• _YOUR OBJECTIVE_: Would you copy exactly the lines in the data below from the one that has "Dilly Hot Kraut Jerky" through the one that has "Thrillers: Into the Water Locked door", dropping any pictures?

• _DATA RECORDS_:
═══

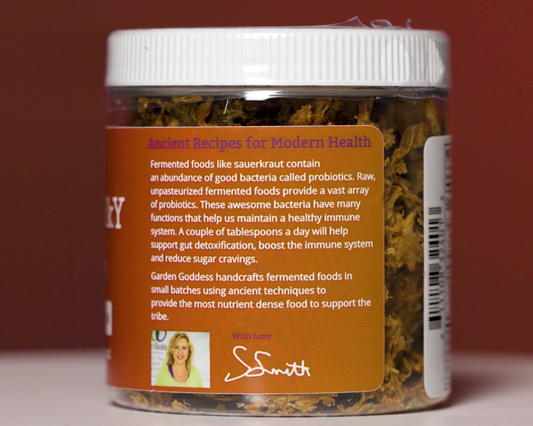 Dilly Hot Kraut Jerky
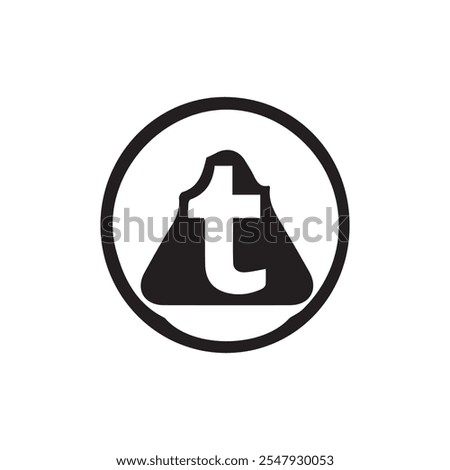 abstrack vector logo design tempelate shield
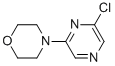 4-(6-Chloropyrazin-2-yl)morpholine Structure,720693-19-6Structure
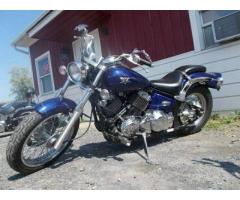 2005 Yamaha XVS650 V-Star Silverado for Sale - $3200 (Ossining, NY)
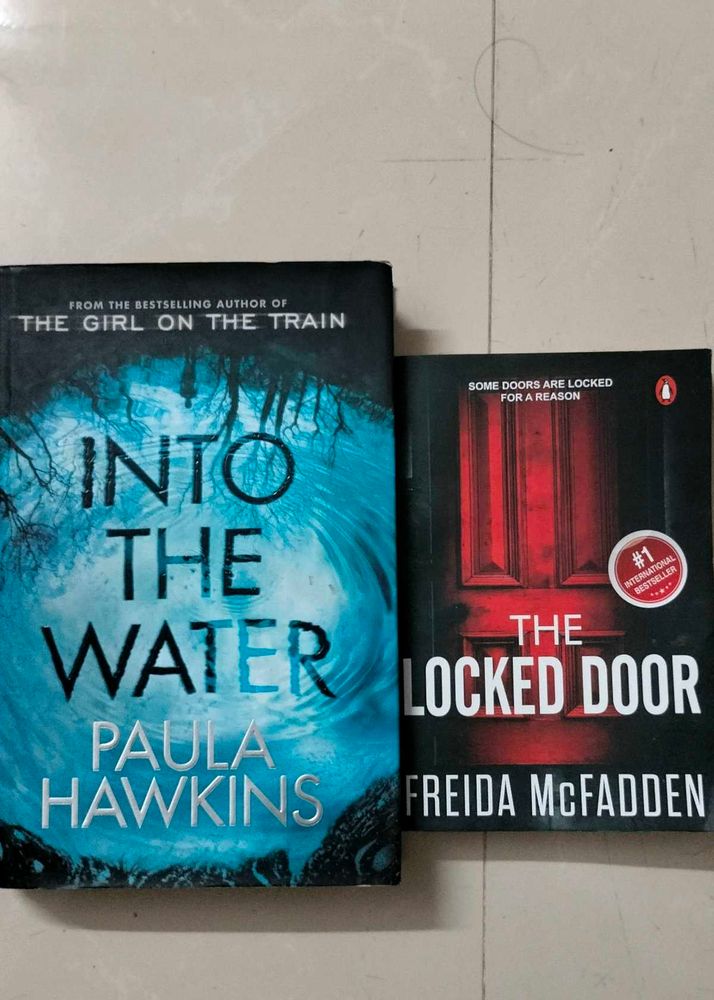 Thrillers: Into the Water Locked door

═══

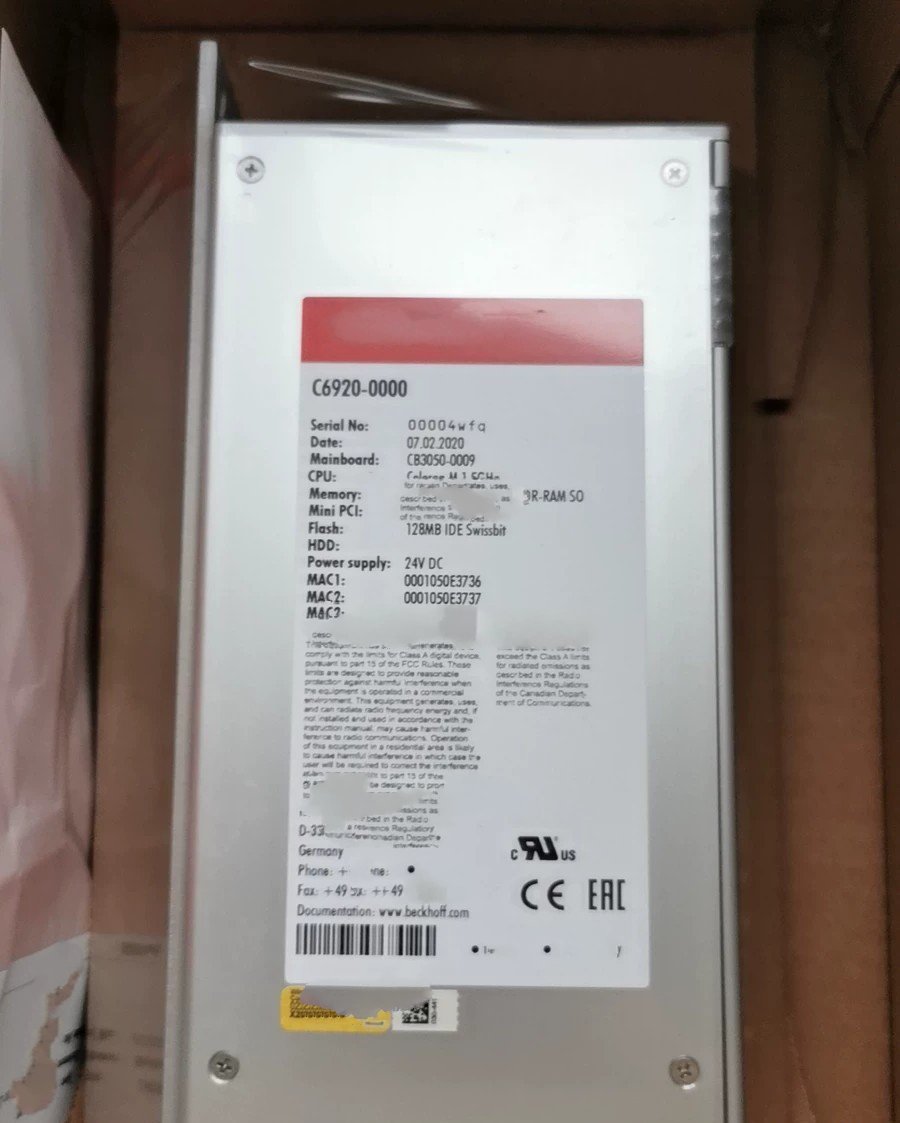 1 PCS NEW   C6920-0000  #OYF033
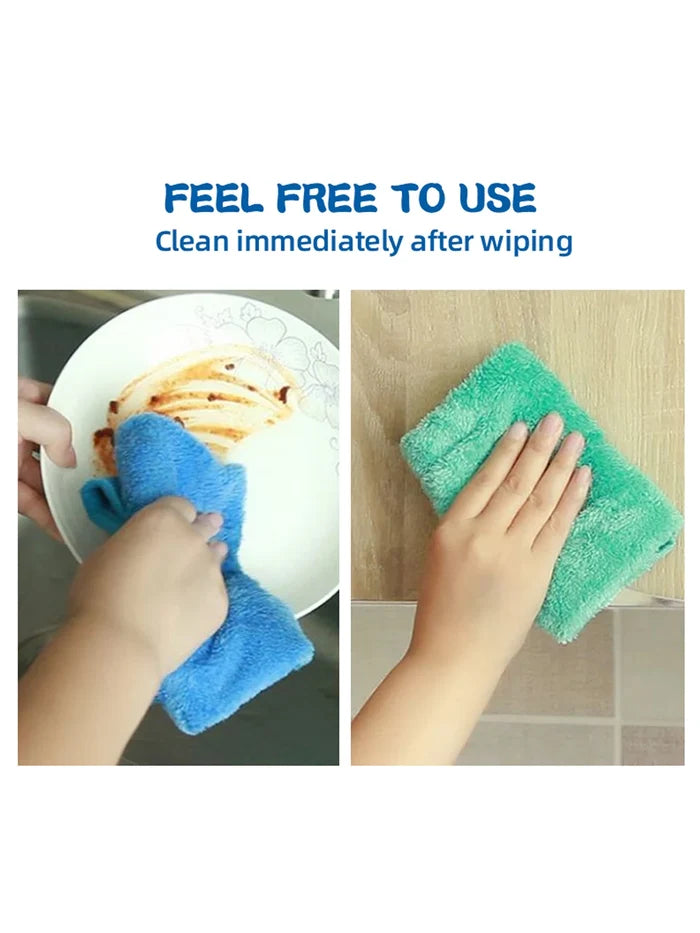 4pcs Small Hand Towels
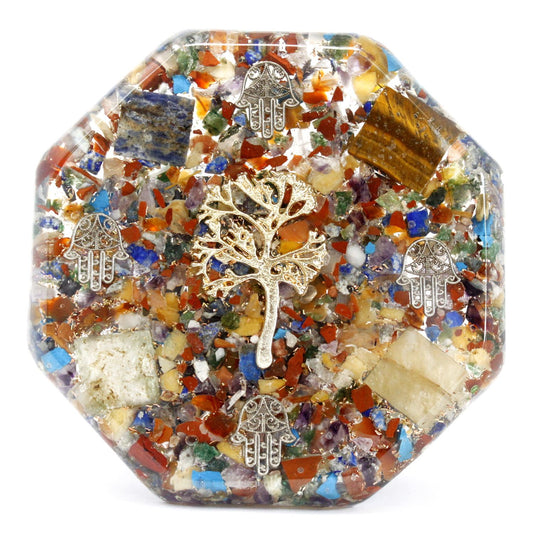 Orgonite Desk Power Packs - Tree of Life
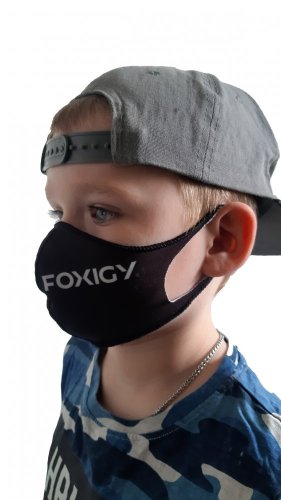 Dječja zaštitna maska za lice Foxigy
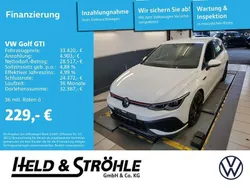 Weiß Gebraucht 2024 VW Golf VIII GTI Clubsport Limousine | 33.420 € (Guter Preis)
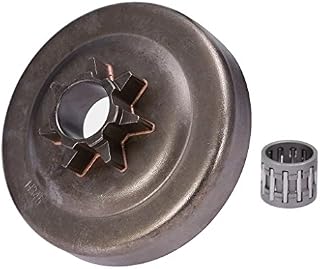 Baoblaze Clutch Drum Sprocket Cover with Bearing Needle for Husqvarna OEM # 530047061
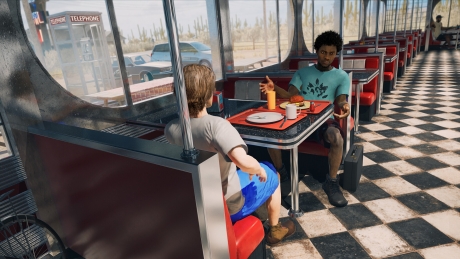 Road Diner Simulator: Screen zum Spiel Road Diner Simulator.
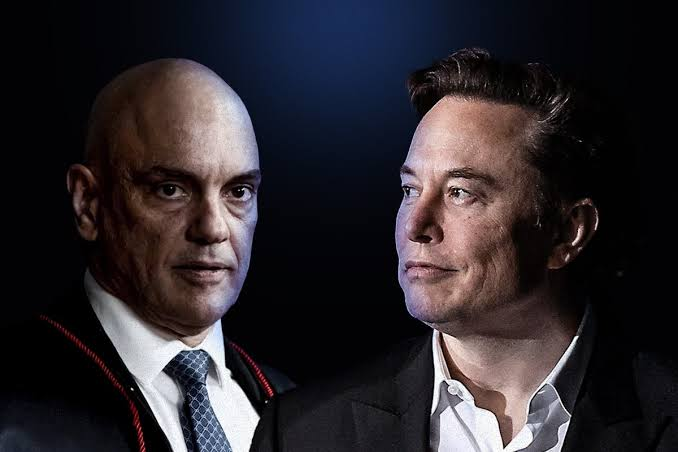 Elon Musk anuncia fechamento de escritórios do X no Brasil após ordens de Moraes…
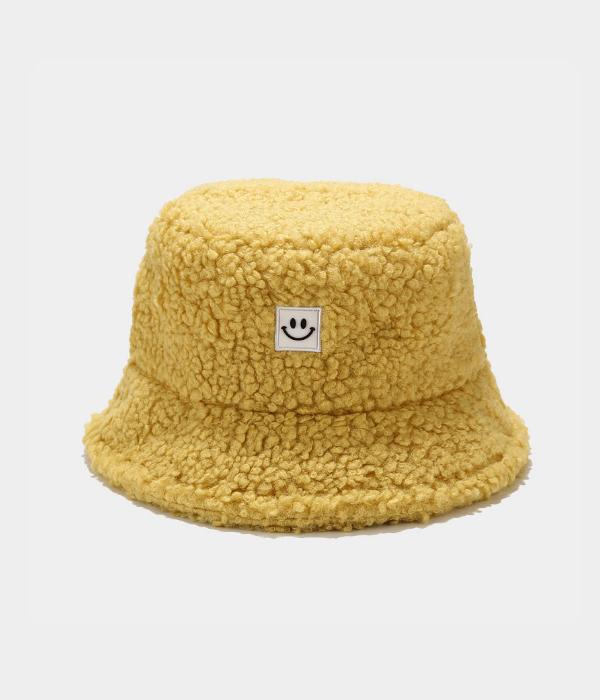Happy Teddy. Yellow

═══

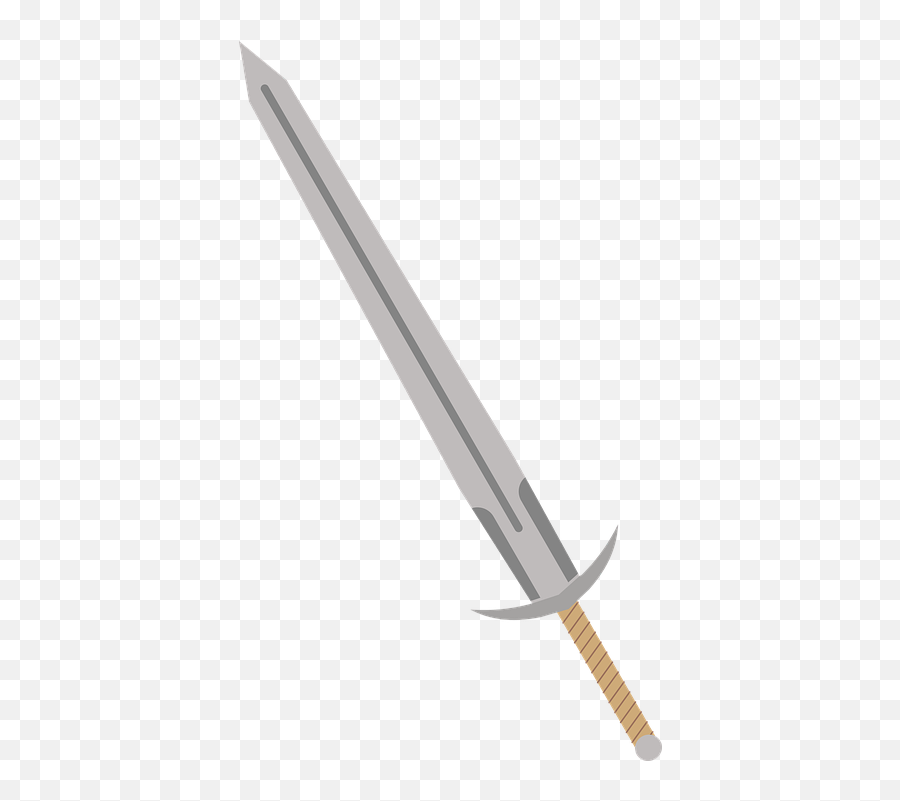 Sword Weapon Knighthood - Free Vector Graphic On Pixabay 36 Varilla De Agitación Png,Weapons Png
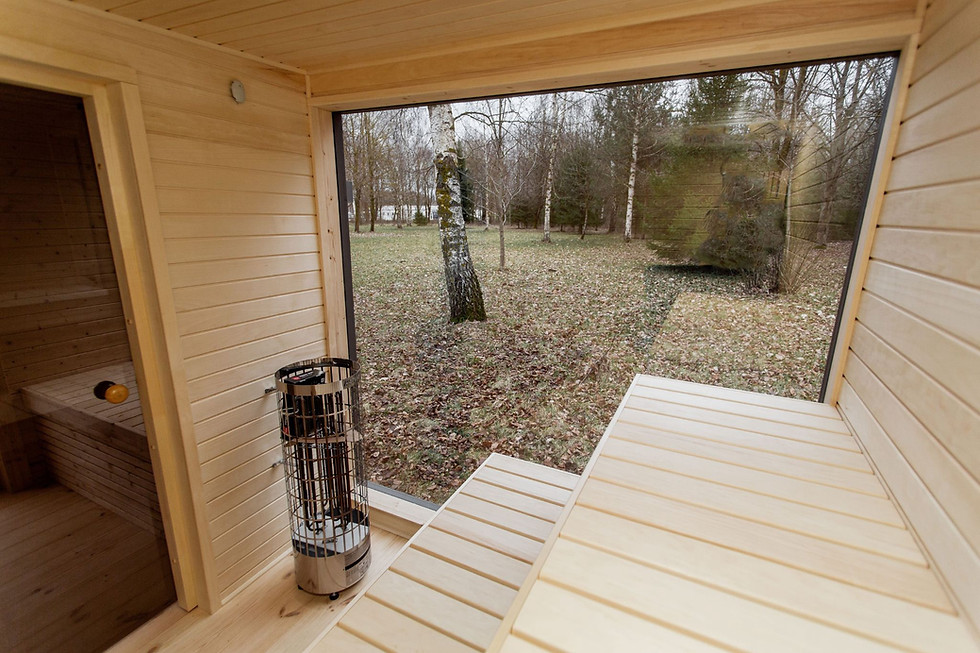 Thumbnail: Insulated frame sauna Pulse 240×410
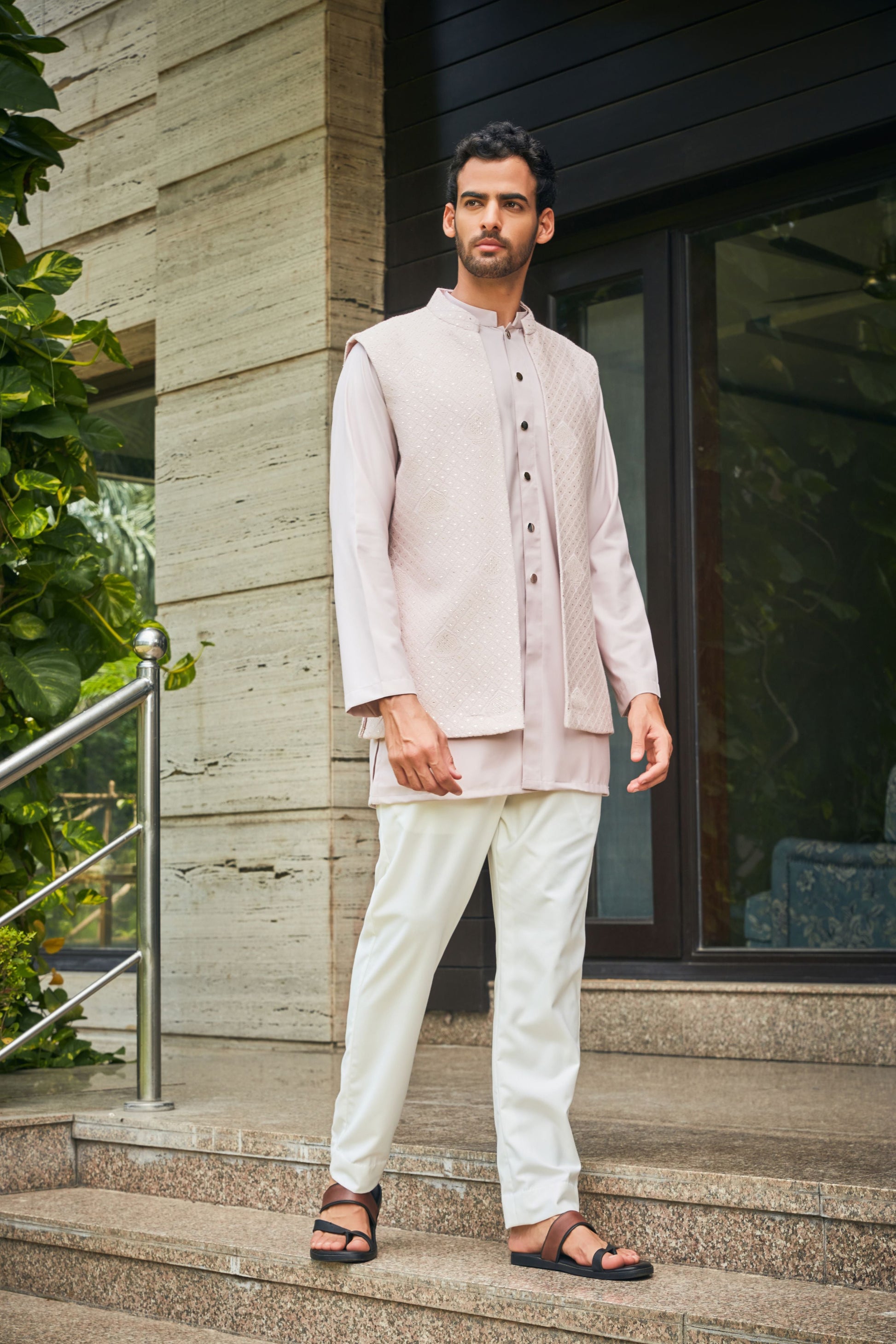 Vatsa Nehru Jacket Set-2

═══

• _OUTPUT BELOW_:
 Dilly Hot Kraut Jerky
 abstrack vector logo design tempelate shield
 4-(6-Chloropyrazin-2-yl)morpholine Structure,720693-19-6Structure
 2005 Yamaha XVS650 V-Star Silverado for Sale - $3200 (Ossining, NY)
 Thrillers: Into the Water Locked door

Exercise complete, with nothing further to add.